Characters who share those preoccupations include the Trevelyan-Tubal family, an autodidactic dynasty of bankers. The father, Harry, is dying a slow-puncture death, while his young actress wife Fleur recoils in the comfort of another city. Since Harry’s illness, son Julian is chairman of the 340-year-old family bank. A reluctant business- man from the off, Julian dabbles in a disastrous hedgefund and the bank is now in catastrophic trouble. His furtive plans involve trying to sell the business – but not before engaging in a dizzying amount of money swaps and trust-fund skimming.

Cartwright talks about bankers believing their own myths and of the industry’s innate sense of righteousness. “It’s like the army. Once you sign up for a career like this, you become gung-ho, almost because you have to be. It’s an occupational hazard, but it takes a lot of nerve to risk other people’s money. The myth is that the people who work there believe they’re actually contributing something to the world. They have this idea that they belong to an elite core who ‘understand’ the real world.
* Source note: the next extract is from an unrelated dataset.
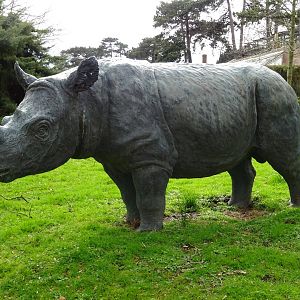 Sumatran Rhinoceros 'Torgamba' Statue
Underneath the appearance of being a rational business dealing with ‘proper’ things – unlike art – it’s something that’s just as prone, if not worse, to absurd beliefs.”

The connection between art and commerce pervades the pages. The people with money are absorbed by it while taking it utterly for granted. Those without it, serve, act and make art. Fleur, Harry’s trophy wife, points out that bankers, “for all their taste and sophistication, never speak to their souls. They have taste, but cannot make art. They have wealth, but wealth has isolated them.”

Harry owns two Matisse paintings, which he is ambivalent about, but art, like most material things in the book, is valued only by the price tag. In one scene, a character collects a pair of handmade shoes that have a price tag of £4,000 (€4,573), a real life story borrowed from someone Cartwright knows.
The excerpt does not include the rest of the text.